EXERCISE GOAL: Every record below must be set down again exactly as given.

INFORMATION PROVIDED:
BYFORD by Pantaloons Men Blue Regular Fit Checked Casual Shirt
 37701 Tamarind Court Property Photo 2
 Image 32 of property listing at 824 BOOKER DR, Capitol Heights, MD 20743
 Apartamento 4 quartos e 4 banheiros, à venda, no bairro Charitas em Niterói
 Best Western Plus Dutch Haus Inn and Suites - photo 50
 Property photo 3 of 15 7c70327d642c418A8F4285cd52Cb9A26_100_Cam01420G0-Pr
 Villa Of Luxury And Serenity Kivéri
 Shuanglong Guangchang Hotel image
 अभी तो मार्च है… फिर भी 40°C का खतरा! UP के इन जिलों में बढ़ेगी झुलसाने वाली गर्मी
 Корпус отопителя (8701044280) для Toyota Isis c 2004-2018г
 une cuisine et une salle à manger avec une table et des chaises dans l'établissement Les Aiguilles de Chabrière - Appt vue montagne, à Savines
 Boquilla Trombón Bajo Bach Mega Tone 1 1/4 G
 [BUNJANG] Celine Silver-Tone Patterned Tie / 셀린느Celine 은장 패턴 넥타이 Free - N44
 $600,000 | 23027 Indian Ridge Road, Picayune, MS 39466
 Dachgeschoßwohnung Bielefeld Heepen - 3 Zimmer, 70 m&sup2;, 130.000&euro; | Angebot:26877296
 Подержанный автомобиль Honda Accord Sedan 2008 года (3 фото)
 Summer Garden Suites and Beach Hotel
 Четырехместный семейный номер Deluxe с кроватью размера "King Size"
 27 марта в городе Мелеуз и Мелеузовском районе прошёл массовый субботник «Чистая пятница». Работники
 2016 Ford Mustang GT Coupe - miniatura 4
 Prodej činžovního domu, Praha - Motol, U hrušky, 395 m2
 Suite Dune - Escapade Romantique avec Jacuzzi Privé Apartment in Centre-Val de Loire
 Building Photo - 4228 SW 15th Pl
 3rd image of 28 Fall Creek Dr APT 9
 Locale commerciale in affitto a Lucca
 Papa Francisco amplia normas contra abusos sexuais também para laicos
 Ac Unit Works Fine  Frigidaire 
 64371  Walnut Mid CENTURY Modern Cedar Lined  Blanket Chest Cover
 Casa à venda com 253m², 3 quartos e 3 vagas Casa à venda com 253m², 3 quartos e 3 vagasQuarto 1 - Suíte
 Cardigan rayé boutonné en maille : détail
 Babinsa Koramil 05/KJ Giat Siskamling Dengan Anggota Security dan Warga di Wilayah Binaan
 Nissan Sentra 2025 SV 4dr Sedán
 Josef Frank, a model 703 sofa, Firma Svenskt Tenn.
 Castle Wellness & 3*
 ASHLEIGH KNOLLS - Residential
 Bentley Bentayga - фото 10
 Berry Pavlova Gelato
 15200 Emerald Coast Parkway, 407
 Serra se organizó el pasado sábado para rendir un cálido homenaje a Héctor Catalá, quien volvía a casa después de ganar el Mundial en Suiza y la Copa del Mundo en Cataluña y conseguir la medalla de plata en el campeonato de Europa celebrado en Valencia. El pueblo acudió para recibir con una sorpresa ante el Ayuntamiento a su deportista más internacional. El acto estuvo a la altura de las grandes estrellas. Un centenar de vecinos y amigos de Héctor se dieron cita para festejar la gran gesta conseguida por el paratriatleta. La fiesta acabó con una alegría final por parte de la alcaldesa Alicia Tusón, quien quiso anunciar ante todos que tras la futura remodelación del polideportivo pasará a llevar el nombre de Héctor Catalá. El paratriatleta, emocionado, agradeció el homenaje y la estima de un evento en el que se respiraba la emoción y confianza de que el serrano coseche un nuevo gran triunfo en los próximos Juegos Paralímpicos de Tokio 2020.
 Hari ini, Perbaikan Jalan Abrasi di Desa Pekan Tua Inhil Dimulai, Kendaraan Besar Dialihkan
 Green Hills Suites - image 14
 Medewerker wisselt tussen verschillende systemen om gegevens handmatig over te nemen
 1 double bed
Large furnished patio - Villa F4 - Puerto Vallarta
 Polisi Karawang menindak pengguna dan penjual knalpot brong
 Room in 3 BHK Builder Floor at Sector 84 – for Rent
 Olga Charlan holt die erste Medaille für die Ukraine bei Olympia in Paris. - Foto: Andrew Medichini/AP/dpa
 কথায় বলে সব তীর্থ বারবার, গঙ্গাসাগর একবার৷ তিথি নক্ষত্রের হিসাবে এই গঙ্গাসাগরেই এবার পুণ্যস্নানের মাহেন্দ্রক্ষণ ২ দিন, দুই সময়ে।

EXPECTED OUTPUT:
BYFORD by Pantaloons Men Blue Regular Fit Checked Casual Shirt
 37701 Tamarind Court Property Photo 2
 Image 32 of property listing at 824 BOOKER DR, Capitol Heights, MD 20743
 Apartamento 4 quartos e 4 banheiros, à venda, no bairro Charitas em Niterói
 Best Western Plus Dutch Haus Inn and Suites - photo 50
 Property photo 3 of 15 7c70327d642c418A8F4285cd52Cb9A26_100_Cam01420G0-Pr
 Villa Of Luxury And Serenity Kivéri
 Shuanglong Guangchang Hotel image
 अभी तो मार्च है… फिर भी 40°C का खतरा! UP के इन जिलों में बढ़ेगी झुलसाने वाली गर्मी
 Корпус отопителя (8701044280) для Toyota Isis c 2004-2018г
 une cuisine et une salle à manger avec une table et des chaises dans l'établissement Les Aiguilles de Chabrière - Appt vue montagne, à Savines
 Boquilla Trombón Bajo Bach Mega Tone 1 1/4 G
 [BUNJANG] Celine Silver-Tone Patterned Tie / 셀린느Celine 은장 패턴 넥타이 Free - N44
 $600,000 | 23027 Indian Ridge Road, Picayune, MS 39466
 Dachgeschoßwohnung Bielefeld Heepen - 3 Zimmer, 70 m&sup2;, 130.000&euro; | Angebot:26877296
 Подержанный автомобиль Honda Accord Sedan 2008 года (3 фото)
 Summer Garden Suites and Beach Hotel
 Четырехместный семейный номер Deluxe с кроватью размера "King Size"
 27 марта в городе Мелеуз и Мелеузовском районе прошёл массовый субботник «Чистая пятница». Работники
 2016 Ford Mustang GT Coupe - miniatura 4
 Prodej činžovního domu, Praha - Motol, U hrušky, 395 m2
 Suite Dune - Escapade Romantique avec Jacuzzi Privé Apartment in Centre-Val de Loire
 Building Photo - 4228 SW 15th Pl
 3rd image of 28 Fall Creek Dr APT 9
 Locale commerciale in affitto a Lucca
 Papa Francisco amplia normas contra abusos sexuais também para laicos
 Ac Unit Works Fine  Frigidaire 
 64371  Walnut Mid CENTURY Modern Cedar Lined  Blanket Chest Cover
 Casa à venda com 253m², 3 quartos e 3 vagas Casa à venda com 253m², 3 quartos e 3 vagasQuarto 1 - Suíte
 Cardigan rayé boutonné en maille : détail
 Babinsa Koramil 05/KJ Giat Siskamling Dengan Anggota Security dan Warga di Wilayah Binaan
 Nissan Sentra 2025 SV 4dr Sedán
 Josef Frank, a model 703 sofa, Firma Svenskt Tenn.
 Castle Wellness & 3*
 ASHLEIGH KNOLLS - Residential
 Bentley Bentayga - фото 10
 Berry Pavlova Gelato
 15200 Emerald Coast Parkway, 407
 Serra se organizó el pasado sábado para rendir un cálido homenaje a Héctor Catalá, quien volvía a casa después de ganar el Mundial en Suiza y la Copa del Mundo en Cataluña y conseguir la medalla de plata en el campeonato de Europa celebrado en Valencia. El pueblo acudió para recibir con una sorpresa ante el Ayuntamiento a su deportista más internacional. El acto estuvo a la altura de las grandes estrellas. Un centenar de vecinos y amigos de Héctor se dieron cita para festejar la gran gesta conseguida por el paratriatleta. La fiesta acabó con una alegría final por parte de la alcaldesa Alicia Tusón, quien quiso anunciar ante todos que tras la futura remodelación del polideportivo pasará a llevar el nombre de Héctor Catalá. El paratriatleta, emocionado, agradeció el homenaje y la estima de un evento en el que se respiraba la emoción y confianza de que el serrano coseche un nuevo gran triunfo en los próximos Juegos Paralímpicos de Tokio 2020.
 Hari ini, Perbaikan Jalan Abrasi di Desa Pekan Tua Inhil Dimulai, Kendaraan Besar Dialihkan
 Green Hills Suites - image 14
 Medewerker wisselt tussen verschillende systemen om gegevens handmatig over te nemen
 1 double bed
Large furnished patio - Villa F4 - Puerto Vallarta
 Polisi Karawang menindak pengguna dan penjual knalpot brong
 Room in 3 BHK Builder Floor at Sector 84 – for Rent
 Olga Charlan holt die erste Medaille für die Ukraine bei Olympia in Paris. - Foto: Andrew Medichini/AP/dpa
 কথায় বলে সব তীর্থ বারবার, গঙ্গাসাগর একবার৷ তিথি নক্ষত্রের হিসাবে এই গঙ্গাসাগরেই এবার পুণ্যস্নানের মাহেন্দ্রক্ষণ ২ দিন, দুই সময়ে।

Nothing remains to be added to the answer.